En tant qu'artistes et checheuses, l'archivage est une pratique importante. Et c'est d'autant plus le cas, étant donné les nombreuses fois où elles n'ont pas été en mesure de trouver les histoires qu'elles cherchaient et dont elles avaient besoin. Le projet a eu pour résultat de renforcer des voix et des communautés plus connectées pour toutes les femmes afin qu'elles puissent remettre en question les normes, les valeurs et les structures de pouvoir pour lutter contre la violence dont elles sont victimes. L'autre résultat est que toutes les femmes peuvent jouir de la liberté et des opportunités en étant capables d'accéder aux espaces publics et aux ressources et d'y faire valoir leurs droits.

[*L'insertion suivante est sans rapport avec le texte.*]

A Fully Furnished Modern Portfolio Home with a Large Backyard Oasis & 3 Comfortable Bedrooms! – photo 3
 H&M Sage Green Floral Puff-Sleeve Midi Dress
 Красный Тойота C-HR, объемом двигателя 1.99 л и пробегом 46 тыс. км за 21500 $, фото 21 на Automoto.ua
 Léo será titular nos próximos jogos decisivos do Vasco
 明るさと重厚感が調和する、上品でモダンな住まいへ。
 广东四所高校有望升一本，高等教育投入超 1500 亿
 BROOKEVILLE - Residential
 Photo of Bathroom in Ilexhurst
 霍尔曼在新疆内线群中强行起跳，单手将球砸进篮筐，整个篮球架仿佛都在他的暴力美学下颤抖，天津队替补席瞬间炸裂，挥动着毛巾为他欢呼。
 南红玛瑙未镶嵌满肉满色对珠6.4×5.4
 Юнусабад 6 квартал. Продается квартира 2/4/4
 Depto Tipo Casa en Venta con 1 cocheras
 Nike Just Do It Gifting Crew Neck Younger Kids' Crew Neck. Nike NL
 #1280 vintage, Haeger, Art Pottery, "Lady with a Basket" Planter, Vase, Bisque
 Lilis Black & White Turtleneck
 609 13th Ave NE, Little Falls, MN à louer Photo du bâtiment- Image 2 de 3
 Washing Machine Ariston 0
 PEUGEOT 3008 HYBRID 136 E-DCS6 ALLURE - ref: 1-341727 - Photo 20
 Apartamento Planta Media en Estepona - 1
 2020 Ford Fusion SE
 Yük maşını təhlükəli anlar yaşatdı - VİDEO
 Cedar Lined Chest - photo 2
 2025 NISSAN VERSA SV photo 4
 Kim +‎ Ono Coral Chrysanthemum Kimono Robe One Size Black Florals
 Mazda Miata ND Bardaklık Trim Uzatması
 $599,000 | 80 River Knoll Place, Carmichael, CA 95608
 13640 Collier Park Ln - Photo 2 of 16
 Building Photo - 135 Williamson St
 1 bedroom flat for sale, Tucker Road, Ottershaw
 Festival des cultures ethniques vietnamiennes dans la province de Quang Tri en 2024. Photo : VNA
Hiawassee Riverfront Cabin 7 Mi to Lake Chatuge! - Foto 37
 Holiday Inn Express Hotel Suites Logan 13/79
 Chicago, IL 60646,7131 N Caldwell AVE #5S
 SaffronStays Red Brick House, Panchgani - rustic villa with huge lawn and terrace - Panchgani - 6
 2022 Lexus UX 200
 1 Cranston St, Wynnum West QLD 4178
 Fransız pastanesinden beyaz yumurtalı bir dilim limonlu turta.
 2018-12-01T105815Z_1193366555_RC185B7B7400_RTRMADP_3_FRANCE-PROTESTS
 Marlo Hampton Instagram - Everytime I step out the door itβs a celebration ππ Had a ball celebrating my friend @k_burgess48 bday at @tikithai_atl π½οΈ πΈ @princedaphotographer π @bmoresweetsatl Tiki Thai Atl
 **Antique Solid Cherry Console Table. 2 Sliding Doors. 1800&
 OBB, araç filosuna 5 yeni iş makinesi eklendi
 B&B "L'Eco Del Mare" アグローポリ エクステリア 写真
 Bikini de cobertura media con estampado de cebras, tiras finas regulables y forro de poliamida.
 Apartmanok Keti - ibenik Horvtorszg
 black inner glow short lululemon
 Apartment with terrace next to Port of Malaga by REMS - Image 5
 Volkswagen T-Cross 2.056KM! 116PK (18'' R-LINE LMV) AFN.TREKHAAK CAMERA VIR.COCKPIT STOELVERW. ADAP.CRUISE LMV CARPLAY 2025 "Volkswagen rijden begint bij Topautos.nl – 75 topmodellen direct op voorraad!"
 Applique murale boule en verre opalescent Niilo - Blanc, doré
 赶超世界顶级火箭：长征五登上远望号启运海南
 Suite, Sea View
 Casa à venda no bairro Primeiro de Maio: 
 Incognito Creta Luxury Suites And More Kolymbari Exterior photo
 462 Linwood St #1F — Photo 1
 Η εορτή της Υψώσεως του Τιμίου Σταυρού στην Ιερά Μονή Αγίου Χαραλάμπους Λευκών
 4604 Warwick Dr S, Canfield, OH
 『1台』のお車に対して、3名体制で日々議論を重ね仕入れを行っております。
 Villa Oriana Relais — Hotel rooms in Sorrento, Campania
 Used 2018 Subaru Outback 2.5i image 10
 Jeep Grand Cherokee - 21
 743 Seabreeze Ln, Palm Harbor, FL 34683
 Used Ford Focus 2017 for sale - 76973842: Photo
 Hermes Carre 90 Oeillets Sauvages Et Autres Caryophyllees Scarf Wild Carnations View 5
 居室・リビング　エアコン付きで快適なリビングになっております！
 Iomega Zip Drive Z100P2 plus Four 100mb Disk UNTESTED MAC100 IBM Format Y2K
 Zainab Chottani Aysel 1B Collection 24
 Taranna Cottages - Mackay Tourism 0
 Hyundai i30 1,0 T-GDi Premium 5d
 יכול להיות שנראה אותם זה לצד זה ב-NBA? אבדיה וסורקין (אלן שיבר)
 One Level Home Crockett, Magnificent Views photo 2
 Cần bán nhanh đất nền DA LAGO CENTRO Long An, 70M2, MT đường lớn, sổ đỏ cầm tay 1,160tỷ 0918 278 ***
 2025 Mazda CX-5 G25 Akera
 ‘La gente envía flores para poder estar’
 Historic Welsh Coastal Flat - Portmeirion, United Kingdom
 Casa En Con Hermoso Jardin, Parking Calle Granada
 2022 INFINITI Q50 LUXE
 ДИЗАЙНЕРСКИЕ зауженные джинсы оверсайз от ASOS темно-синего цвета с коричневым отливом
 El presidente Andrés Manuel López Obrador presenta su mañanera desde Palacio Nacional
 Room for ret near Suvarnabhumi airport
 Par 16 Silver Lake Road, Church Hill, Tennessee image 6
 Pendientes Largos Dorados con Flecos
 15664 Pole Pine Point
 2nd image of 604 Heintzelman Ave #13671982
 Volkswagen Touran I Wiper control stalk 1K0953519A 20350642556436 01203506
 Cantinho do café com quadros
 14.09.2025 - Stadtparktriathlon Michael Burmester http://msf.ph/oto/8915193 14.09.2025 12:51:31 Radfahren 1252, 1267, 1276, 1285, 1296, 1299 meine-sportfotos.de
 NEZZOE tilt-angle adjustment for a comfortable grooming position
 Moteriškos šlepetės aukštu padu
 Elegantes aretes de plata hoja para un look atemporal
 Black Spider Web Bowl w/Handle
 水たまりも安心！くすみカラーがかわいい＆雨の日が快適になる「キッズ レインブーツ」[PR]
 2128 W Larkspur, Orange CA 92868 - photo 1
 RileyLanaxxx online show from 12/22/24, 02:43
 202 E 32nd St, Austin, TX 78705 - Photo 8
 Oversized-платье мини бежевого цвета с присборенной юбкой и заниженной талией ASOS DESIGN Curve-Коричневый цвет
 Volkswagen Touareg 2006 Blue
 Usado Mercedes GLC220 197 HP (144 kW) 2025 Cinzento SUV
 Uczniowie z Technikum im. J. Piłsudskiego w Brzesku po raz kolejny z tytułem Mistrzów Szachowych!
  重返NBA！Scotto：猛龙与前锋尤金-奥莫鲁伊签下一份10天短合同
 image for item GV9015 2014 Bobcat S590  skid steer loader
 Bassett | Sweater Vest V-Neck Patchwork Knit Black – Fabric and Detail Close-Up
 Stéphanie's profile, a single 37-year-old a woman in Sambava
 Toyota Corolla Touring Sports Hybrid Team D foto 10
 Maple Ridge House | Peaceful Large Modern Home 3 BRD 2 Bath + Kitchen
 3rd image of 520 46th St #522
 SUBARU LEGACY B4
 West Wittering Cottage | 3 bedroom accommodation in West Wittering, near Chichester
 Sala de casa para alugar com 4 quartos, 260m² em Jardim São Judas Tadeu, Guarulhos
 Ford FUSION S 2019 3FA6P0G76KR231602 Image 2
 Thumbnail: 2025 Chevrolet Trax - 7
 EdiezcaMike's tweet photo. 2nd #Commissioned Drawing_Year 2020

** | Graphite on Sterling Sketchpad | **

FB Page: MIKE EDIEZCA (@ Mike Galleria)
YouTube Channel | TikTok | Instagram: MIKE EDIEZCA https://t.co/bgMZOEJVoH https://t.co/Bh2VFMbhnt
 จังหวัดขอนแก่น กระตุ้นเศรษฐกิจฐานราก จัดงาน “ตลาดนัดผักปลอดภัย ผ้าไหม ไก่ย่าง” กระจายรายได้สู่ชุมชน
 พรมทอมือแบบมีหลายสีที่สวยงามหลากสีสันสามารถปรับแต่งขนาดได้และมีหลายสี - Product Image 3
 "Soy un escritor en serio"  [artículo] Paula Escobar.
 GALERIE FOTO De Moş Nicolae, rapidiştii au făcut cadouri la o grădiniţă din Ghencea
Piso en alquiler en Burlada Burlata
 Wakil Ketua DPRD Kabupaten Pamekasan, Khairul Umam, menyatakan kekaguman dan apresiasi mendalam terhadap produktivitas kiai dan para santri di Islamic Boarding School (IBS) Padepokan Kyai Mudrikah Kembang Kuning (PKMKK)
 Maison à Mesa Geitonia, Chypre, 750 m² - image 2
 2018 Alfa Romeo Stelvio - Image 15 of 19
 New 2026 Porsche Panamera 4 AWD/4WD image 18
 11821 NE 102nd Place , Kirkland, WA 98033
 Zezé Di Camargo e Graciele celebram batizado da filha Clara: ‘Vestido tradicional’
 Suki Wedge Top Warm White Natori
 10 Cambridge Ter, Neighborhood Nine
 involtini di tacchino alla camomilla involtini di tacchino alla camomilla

Voici quelques sujets abordés dans le zine :

  • Écologies féministes de l'Internet, élargissement et construction d'alliances entre mouvements.
  • La géode d'Ann Holland pour les discussions sur la sexualité (le consentement, les contraceptifs, l'autonomie corporelle et sexuelle).
  • Études de cas de ce qui fait un internet féministe.
  • Un guide d'accès aux soins de santé mentale écrit par Nyambura 'Mike' Mutanyi.
  • Discussion sur la signification exacte de la liberté avec Makgosi Letimile, écrivaine, militante pour le droit des personnes handicapées et conseillère/critique en matière de jouets sexuels.
  • "Les travailleuses du sexe s'expriment", dans laquelle Nosipho Vidima parle des espaces créatifs pour les travailleuses du sexe de la rue, du travail du sexe pendant une pandémie et de la sécurité en ligne.
  • Voir notre corps de différentes manières et les sentiments qui en découlent.
  • Un essai photographique qui interroge l'anxiété, le plaisir et le capitalisme.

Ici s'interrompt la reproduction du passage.